◆ **WHAT THE TASK ASKS**:
Span requested from the data below: the line with "Хетчбэк Opel Astra" through the line with "Miguel Galindo y", both included. Give only these lines again, exactly, and leave every picture out.

◆ **SUPPLIED ENTRIES**:
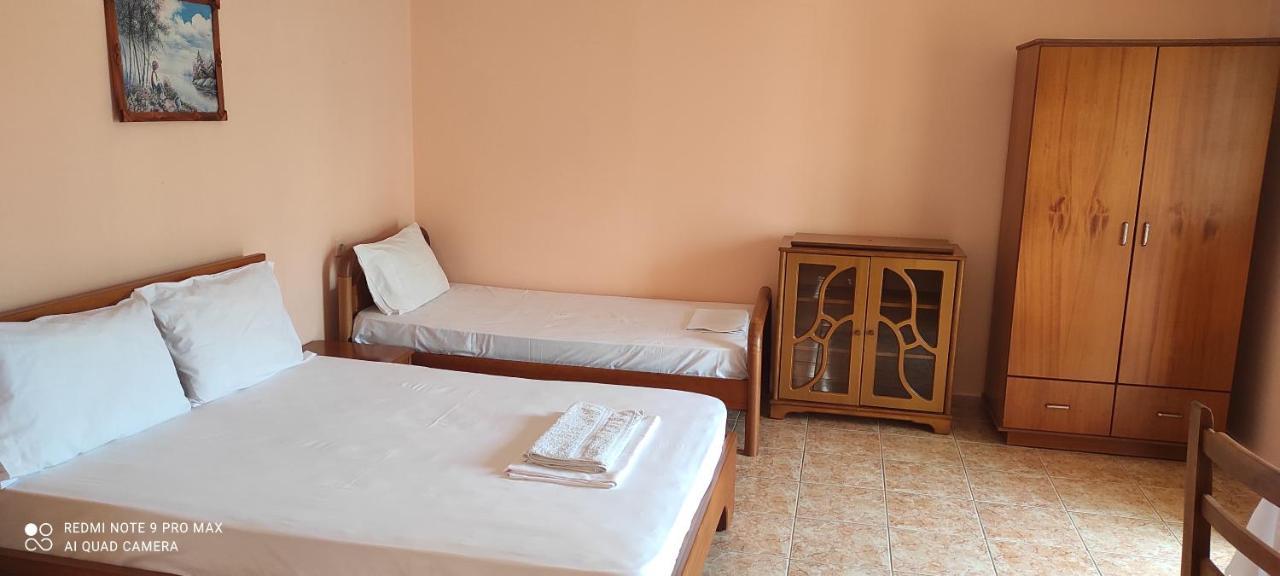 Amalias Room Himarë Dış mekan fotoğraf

...

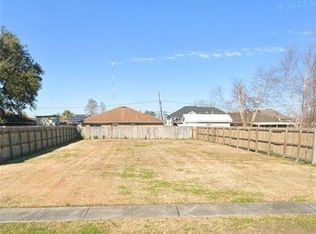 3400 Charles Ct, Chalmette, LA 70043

==

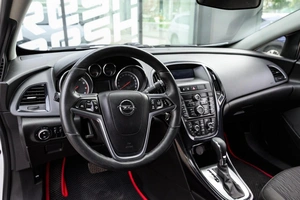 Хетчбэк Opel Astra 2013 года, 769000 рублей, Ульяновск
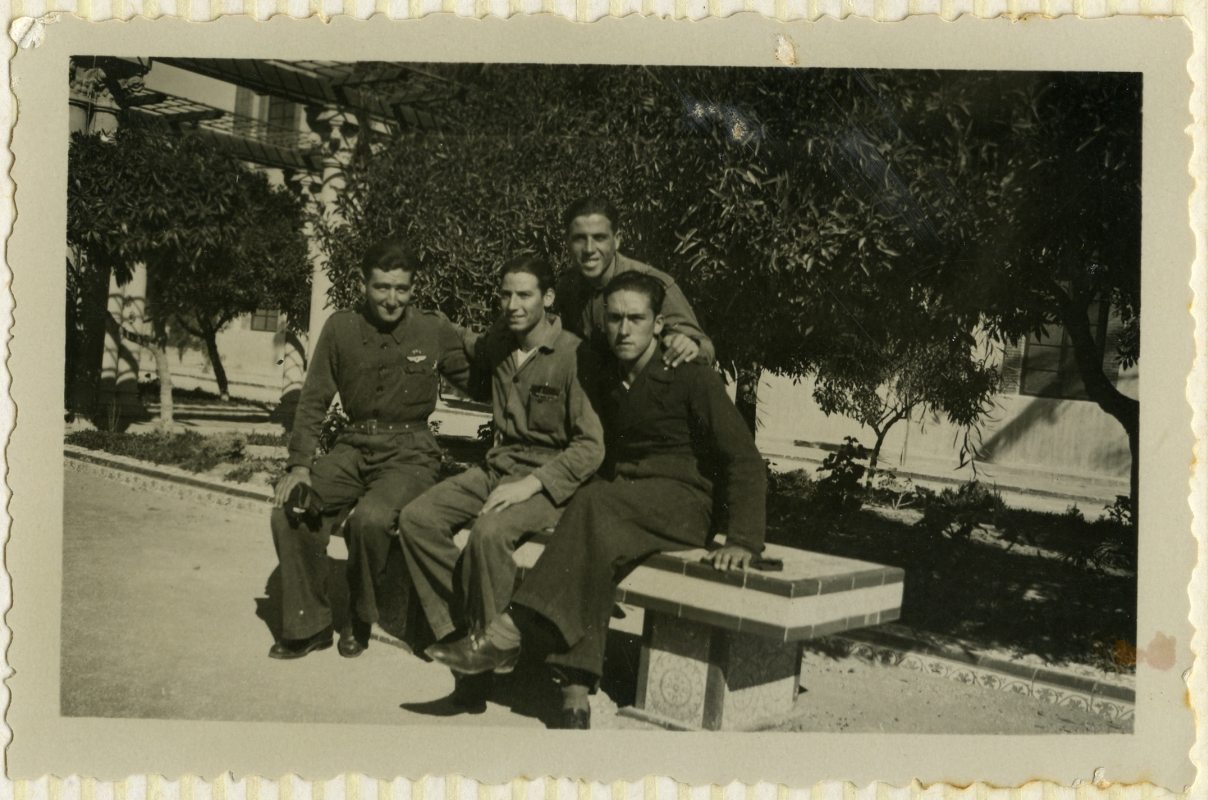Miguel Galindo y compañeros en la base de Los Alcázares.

◆ **ANSWER SPACE**:
 Хетчбэк Opel Astra 2013 года, 769000 рублей, Ульяновск
Miguel Galindo y compañeros en la base de Los Alcázares.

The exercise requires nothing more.